» Data for review
▬▬▬▬▬▬

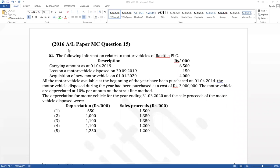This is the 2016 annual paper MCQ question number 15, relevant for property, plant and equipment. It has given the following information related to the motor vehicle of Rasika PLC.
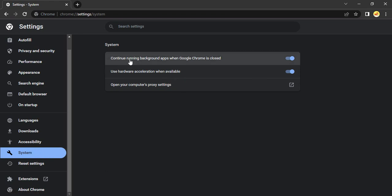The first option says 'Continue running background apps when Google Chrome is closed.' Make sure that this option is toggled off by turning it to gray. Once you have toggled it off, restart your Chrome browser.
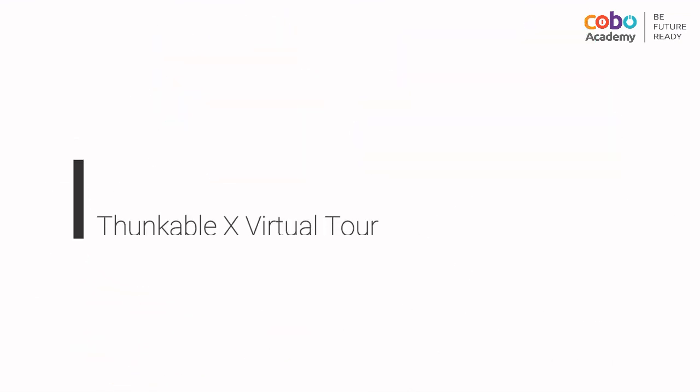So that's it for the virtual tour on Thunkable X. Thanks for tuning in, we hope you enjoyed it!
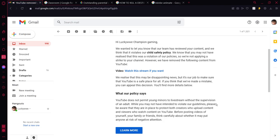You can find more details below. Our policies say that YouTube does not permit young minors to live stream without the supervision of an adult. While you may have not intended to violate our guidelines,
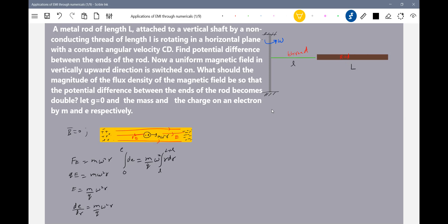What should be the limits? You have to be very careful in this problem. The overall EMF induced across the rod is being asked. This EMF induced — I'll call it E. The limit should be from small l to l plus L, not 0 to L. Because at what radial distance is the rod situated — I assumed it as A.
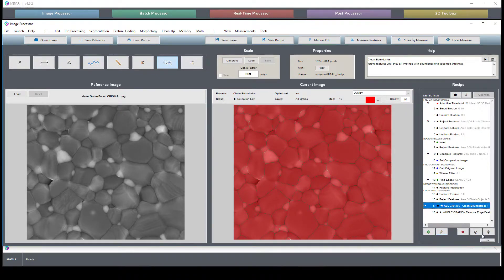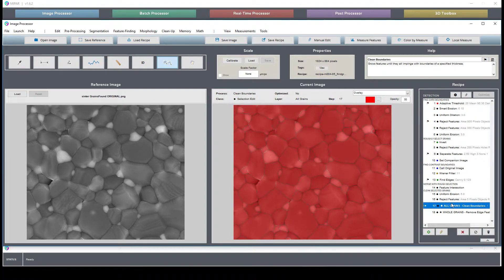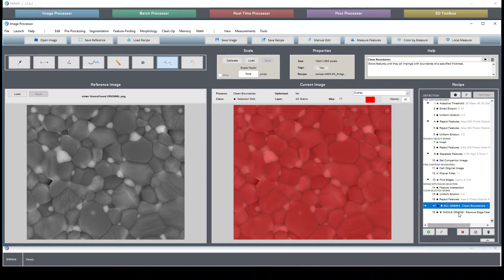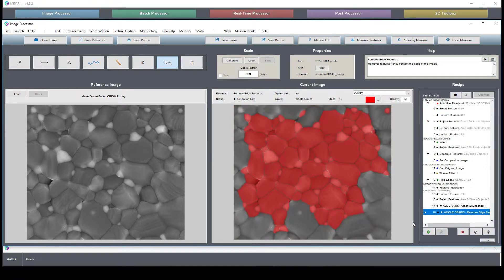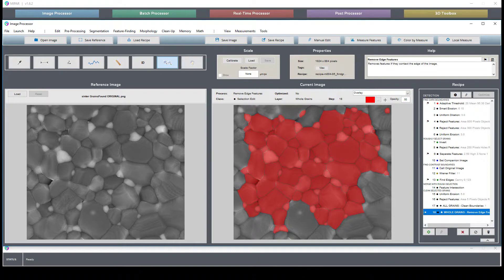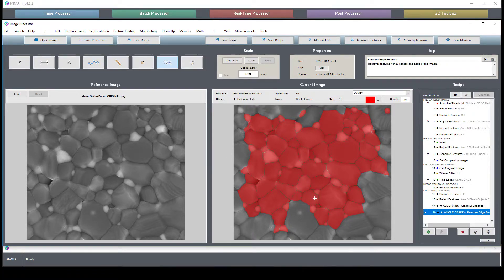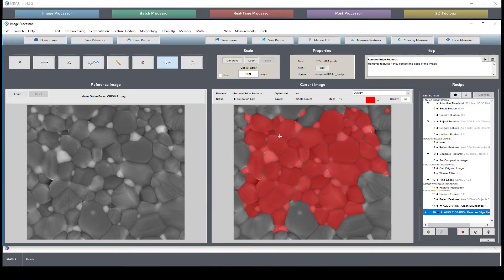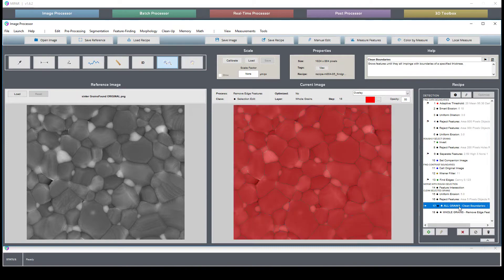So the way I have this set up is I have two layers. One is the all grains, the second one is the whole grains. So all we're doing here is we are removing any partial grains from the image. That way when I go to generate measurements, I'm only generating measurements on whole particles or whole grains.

▬▬▬▬▬▬

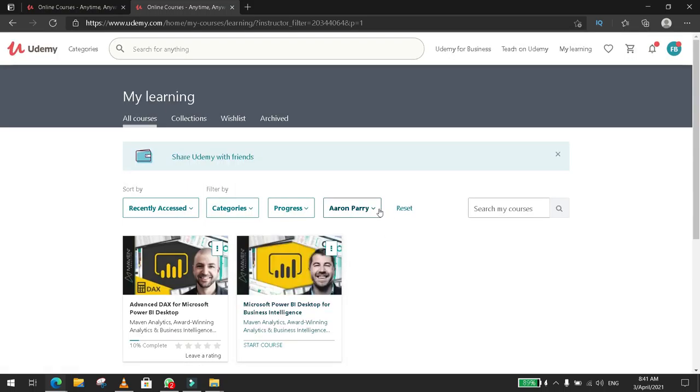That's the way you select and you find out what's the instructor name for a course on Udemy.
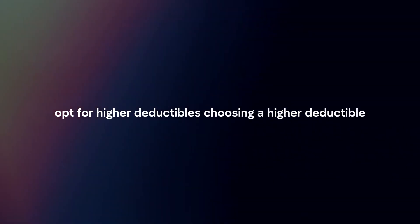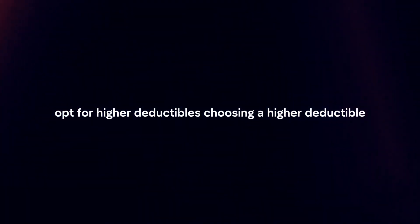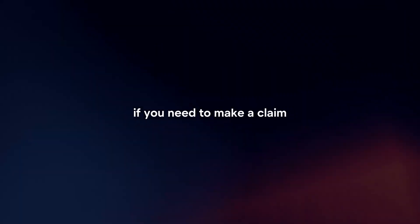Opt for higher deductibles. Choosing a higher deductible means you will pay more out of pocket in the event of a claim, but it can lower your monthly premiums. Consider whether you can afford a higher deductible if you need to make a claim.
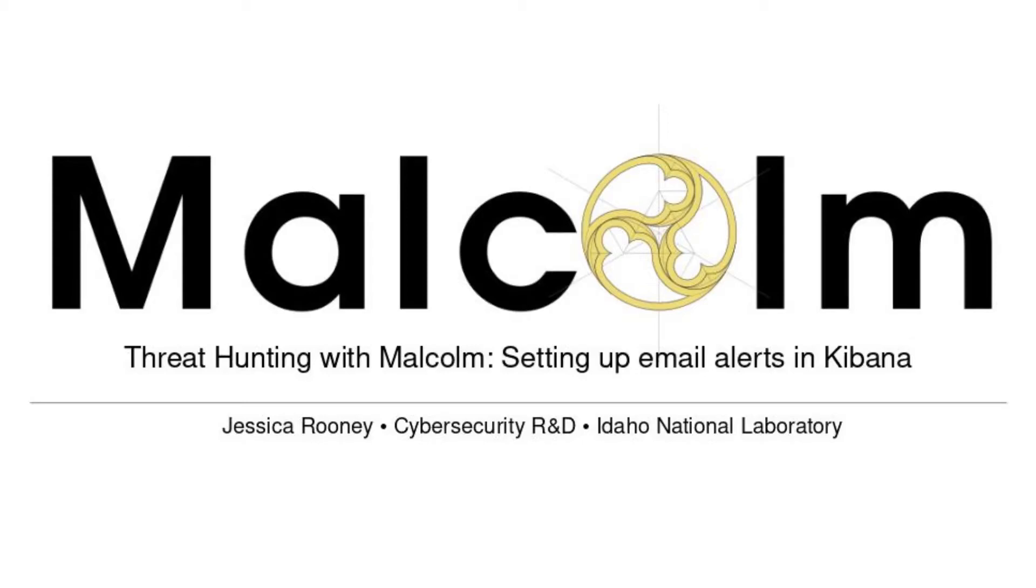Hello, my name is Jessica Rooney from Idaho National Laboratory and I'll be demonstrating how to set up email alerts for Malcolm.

▬▬▬▬▬▬

Your answer should be the lines above, word for word, from the line with "So that's it" through the line with "So the way I", minus the pictures.

So that's it for the virtual tour on Thunkable X. Thanks for tuning in, we hope you enjoyed it!
You can find more details below. Our policies say that YouTube does not permit young minors to live stream without the supervision of an adult. While you may have not intended to violate our guidelines,
What should be the limits? You have to be very careful in this problem. The overall EMF induced across the rod is being asked. This EMF induced — I'll call it E. The limit should be from small l to l plus L, not 0 to L. Because at what radial distance is the rod situated — I assumed it as A.
So the way I have this set up is I have two layers. One is the all grains, the second one is the whole grains. So all we're doing here is we are removing any partial grains from the image. That way when I go to generate measurements, I'm only generating measurements on whole particles or whole grains.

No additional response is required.